That is Giga 1/0/5, 1/0/19 and 1/0/21 on the switch and Fast 1/0, 1/1 and 3/0 on the router.
03-24-2006 07:12 AM
Router#sh cdp interface
FastEthernet1/0 is up, line protocol is up
Encapsulation ARPA
Sending CDP packets every 60 seconds
Holdtime is 180 seconds
FastEthernet1/1 is up, line protocol is up
Encapsulation ARPA
Sending CDP packets every 60 seconds
Holdtime is 180 seconds
FastEthernet3/0 is up, line protocol is up
Encapsulation ARPA
Sending CDP packets every 60 seconds
Holdtime is 180 seconds
Switch#sh cdp interface
GigabitEthernet1/0/5 is up, line protocol is up
Encapsulation ARPA
Sending CDP packets every 60 seconds
Holdtime is 180 seconds
GigabitEthernet1/0/19 is up, line protocol is up
Encapsulation ARPA
Sending CDP packets every 60 seconds
Holdtime is 180 seconds
GigabitEthernet1/0/21 is up, line protocol is up
Encapsulation ARPA
Sending CDP packets every 60 seconds
Holdtime is 180 seconds
03-24-2006 11:30 AM
Well that looks OK.
What do you get when debugging cdp adjacency, events, ip and packets?

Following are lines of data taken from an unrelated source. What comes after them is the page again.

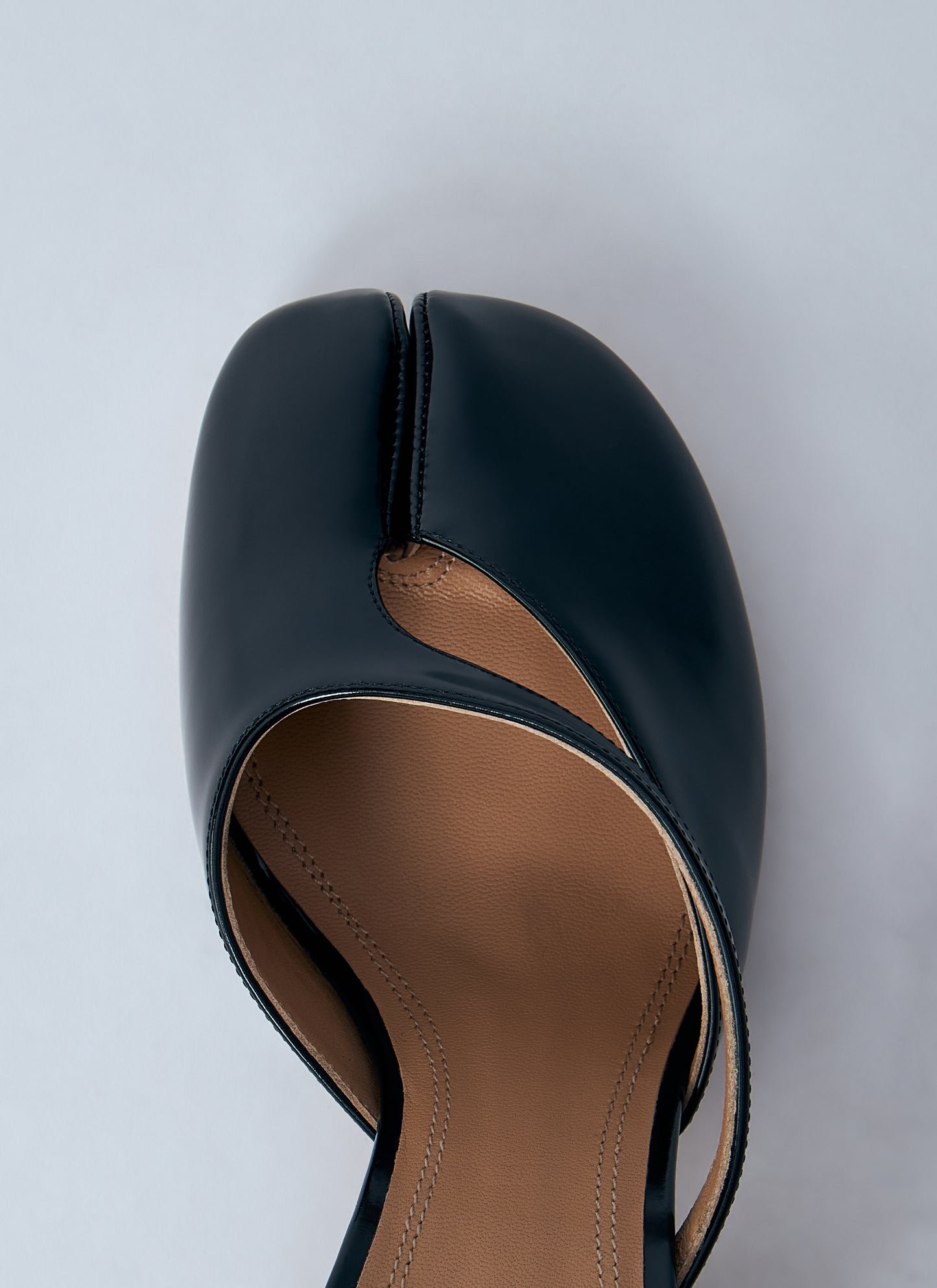 Maison Margiela Women Tabi Toe Pump Heels MAISON MARGIELA
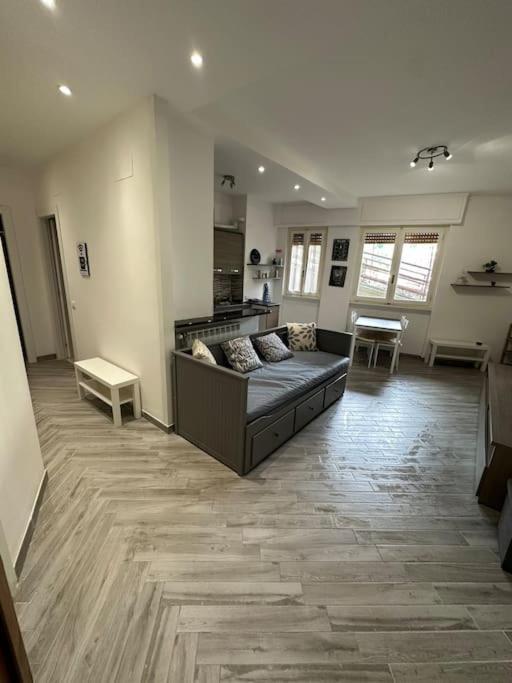 S.A.R.A. La Tecnologia Che Cercavi Apartment Rapallo Exterior foto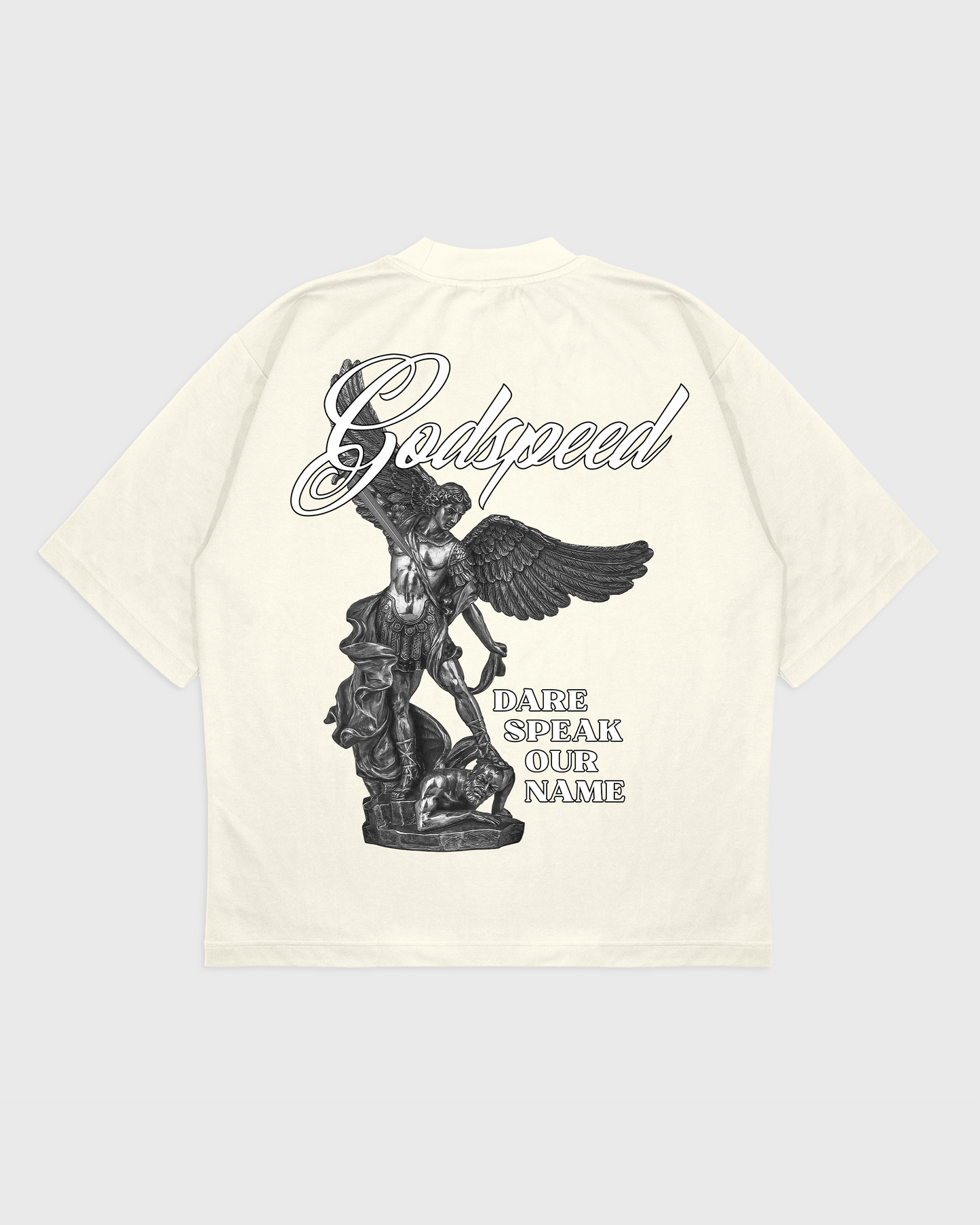 GODSPEED IV SHIRT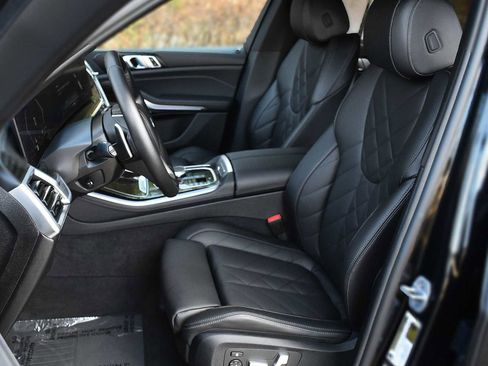 Used 2026 BMW X5 xDrive40i image 11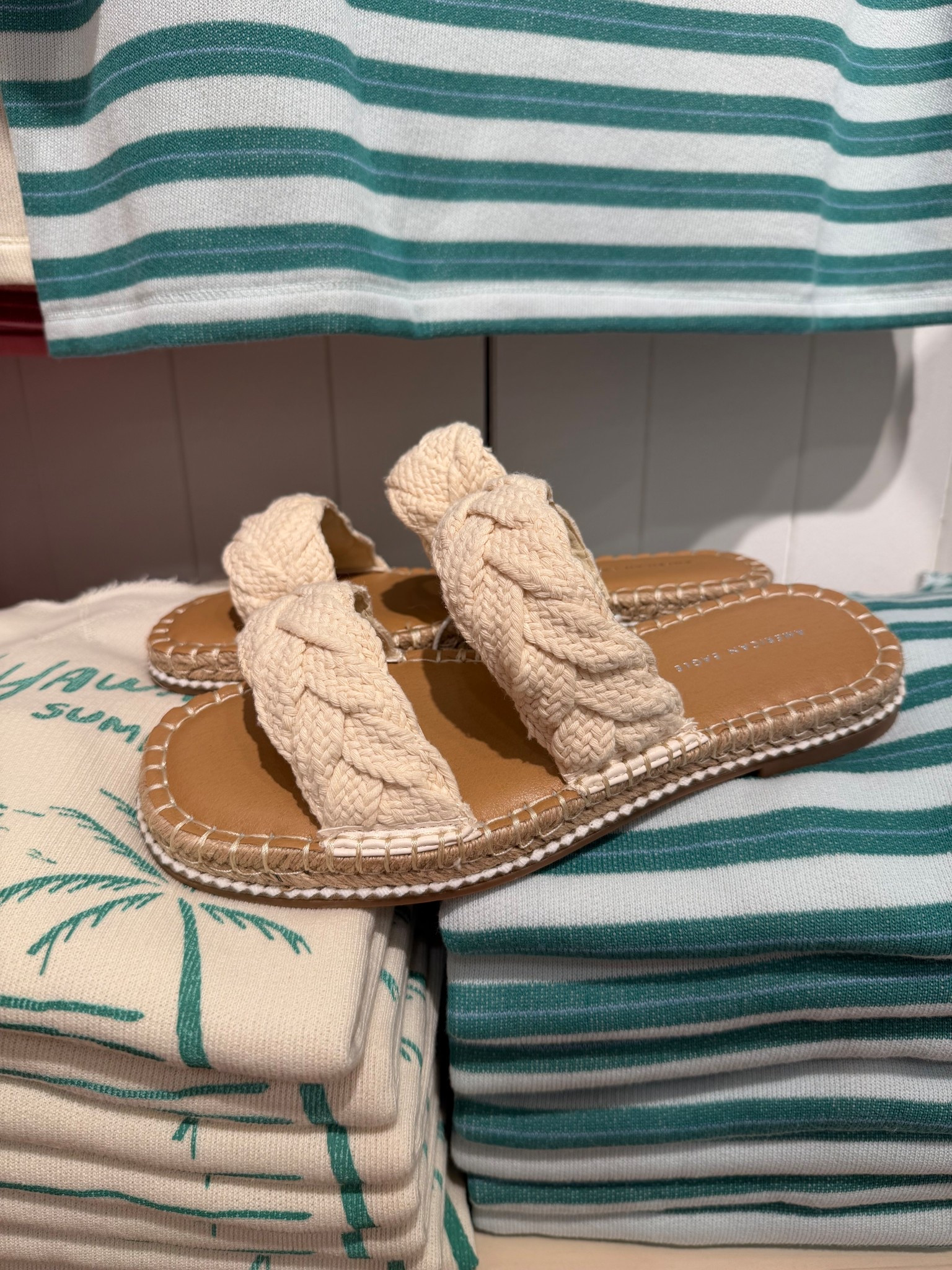 Sandals on sale 

#LTKSaleAlert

Remember to do a "clear cdp table" after turning the debug on.
You should see something like this on the router.
"CDP-PA: version 2 packet sent out on FastEthernet1/0"
And.
"CDP-PA: Packet received from Switch on interface FastEthernet1/0
**Entry NOT found in cache**"
03-24-2006 11:42 AM
I am not seeing any received packets from the switch side.
Router#sh debug
CDP:
CDP packet info debugging is on
CDP events debugging is on
CDP neighbor info debugging is on
CDP IP info debugging is on
Router#
Mar 24 15:38:07.821: CDP-PA: version 2 packet sent out on FastEthernet1/0
Mar 24 15:38:07.821: CDP-PA: version 2 packet sent out on FastEthernet1/1
Mar 24 15:38:07.821: CDP-PA: version 2 packet sent out on FastEthernet3/0CDP
Router#sh cdp traffic
counters :
Total packets output: 9, Input: 0
Hdr syntax: 0, Chksum error: 0, Encaps failed: 0
No memory: 0, Invalid packet: 0, Fragmented: 0
CDP version 1 advertisements output: 0, Input: 0
CDP version 2 advertisements output: 9, Input: 0
03-24-2006 04:22 PM
Sounds like a bug in the software in either the router or Switch.
What IOS are you using?
03-24-2006 06:33 PM
Router#
IOS (tm) 3600 Software (C3640-I-M), Version 12.2(24a), RELEASE SOFTWARE (fc3)
Switch#
Cisco IOS Software, C3750 Software (C3750-IPSERVICES-M), Version 12.2(25)SEB4, RELEASE SOFTWARE (fc1)
03-25-2006 07:40 AM
OK, I would start by upgrading the router IOS, it's fairly old, and there is a ton of bugs in it. I don't see any about CDP though.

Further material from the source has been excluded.